Si concluse così anche la terza media. Ma con mia madre vedova e tre figli da crescere la situazione economica non era affatto edificante... Decisi di cercarmi un posto di lavoro e venni preso come fattorino in un negozio di ceramica. Poi come aiuto commesso in un negozio di abbigliamento. Lì compresi che la vetrina è fondamentale. E se assembli male la mercanzia nessuno entrerà mai. A Bergamo c’era una scuola di vetrinisti serale, mi iscrissi e presi il diploma. Poi iniziai a lavorare come vetrinista. Lavoravo come un pazzo, giorno e notte, e facevo una montagna di soldi: due milioni di lire. Praticamente potevo comprarci un appartamento. Invece c’era questa brama che mi rodeva dentro di ricominciare a studiare. Ero da solo e non avevo aiuti. Andavo in biblioteca a Bergamo per trovare silenzio e libri gratis. Lì conobbi un monsignore che si chiamava Angelo Meli. Mi vedeva seduto al grande tavolo della sala di lettura, e provava curiosità per quella smania di conoscenza. Cominciai ad andare da lui tutti i giorni dalle 14 alle 17. Parlava solo il bergamasco e il latino e in latino chiacchieravamo del tempo e della vita. Recuperai gli anni perduti, e arrivai alla Maturità. Virgilio di Milano, scuola magistrale.

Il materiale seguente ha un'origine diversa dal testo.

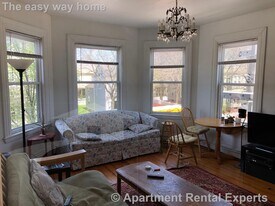 268 Broadway, Unit #2 in Cambridge, MA - Building Photo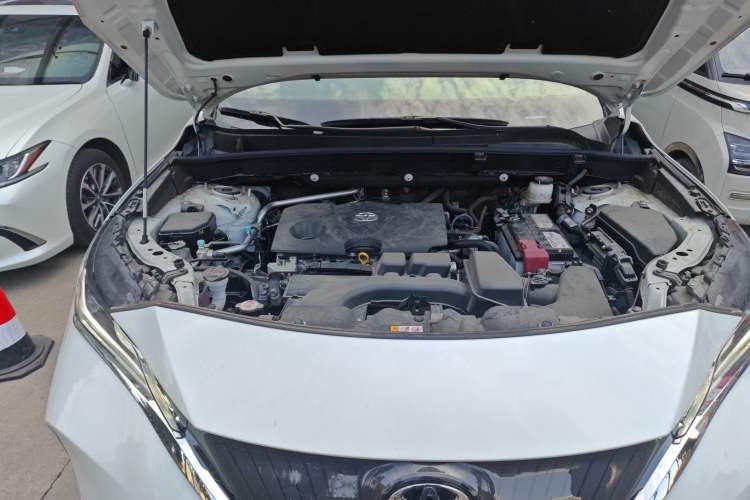 Used Toyota Harrier 2023 2.0L CVT Two-Wheel Drive Deluxe Edition Engine Bay Right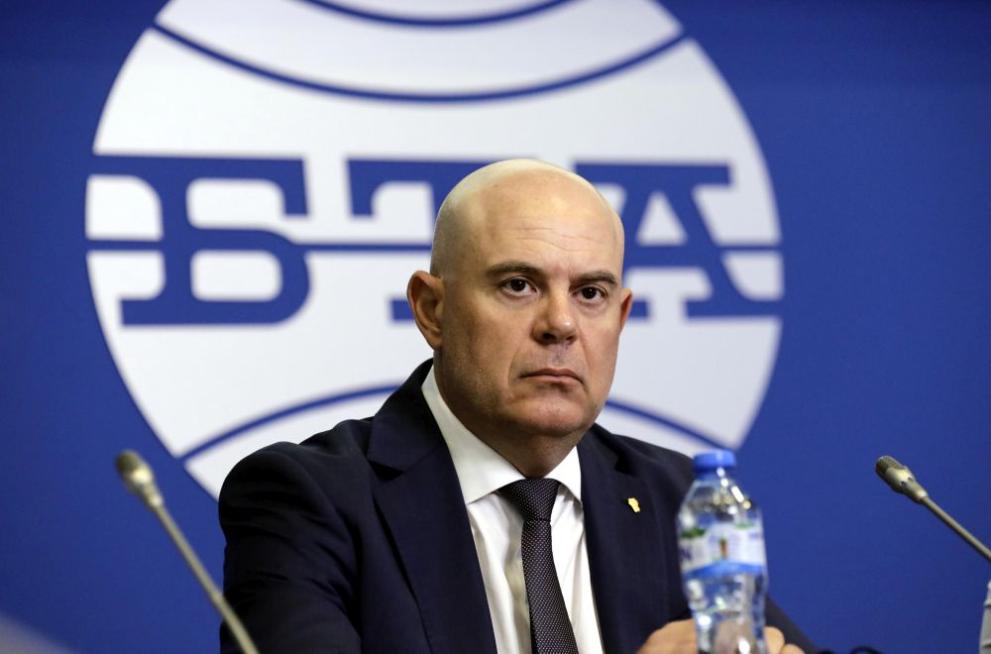 Имаме проблем с пътя. Пътят е този елемент, който кара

La prima prova d’esame fu il latino. Mi accomodo al banco e scopro che la versione è la stessa che ho fatto il giorno prima. Finisco il compito in 20 minuti netti e lo consegno.

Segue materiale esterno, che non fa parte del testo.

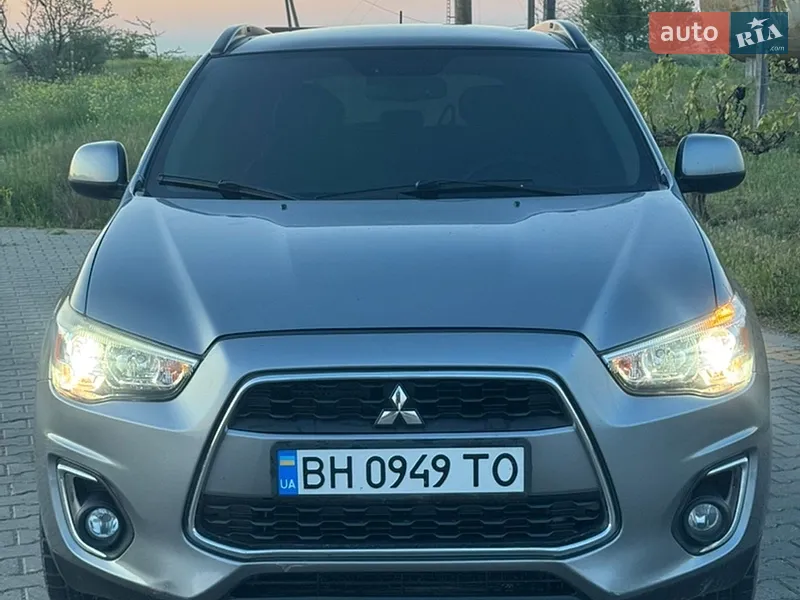 Mitsubishi Outlander 2012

Il prof mi guarda strabigliato: «Tu sei scemo a consegnare adesso». Non me la sentii di mentire, «l’ho fatta ieri professore, me la ricordo bene». «Certo che hai un bel culo ragazzo», mi congeda lui e se ne va ridendo. Bene anche le prove di italiano e storia ma la fisica e la chimica erano un dilemma. Però c’erano queste due giovani professoresse nella commissione: guardano i compiti e vedono che la media dei voti è altissima. Confesso la mia totale impreparazione convinto di andare a ottobre per riparare le insufficienze. Loro mi interrogano e mi dicono «vada tranquillo». Dopo 5 giorni escono i tabelloni. «Vittorio Feltri Maturo». Non credevo ai miei occhi.

Il resto del mio percorso scolastico fu una passeggiata. Mi sono iscritto alla Cattolica ma lavoravo già al Corriere. E quando andavo a fare l’esame il prof incuriosito mi faceva un sacco di domande sul lavoro e non si parlava mai della materia. Alla fine dell’esame poi mi diceva: «ho capito Feltri che non sa nulla, le do 23... le va bene?» «Anche 22!», rispondevo io entusiasta.

Questo per dire che la scuola mi è rimasta dentro. Ho cresciuto cinque figli e li ho mandati all’università. L’italiano mi ha dato un lavoro. Il latino lo parlo fluentemente, ho anche scritto un libro («Latino lingua immortale», edizioni Mondadori). Quanto al professore Natale dovete sapere che un giorno vergai un articolo su di lui, ricordando quei tempi lontani e tessendo le sue lodi. Mi contattò il figlio per ringraziarmi e mi disse «ci venga a trovare». Corsi a Bergamo e vidi il Natale. Smilzo, rugoso, 90 anni e il sorriso che era una carezza. Mi sciolsi in lacrime e lo abbracciai, e mi sentii di nuovo bambino. Ecco, una scuola così io non l’ho più ritrovata.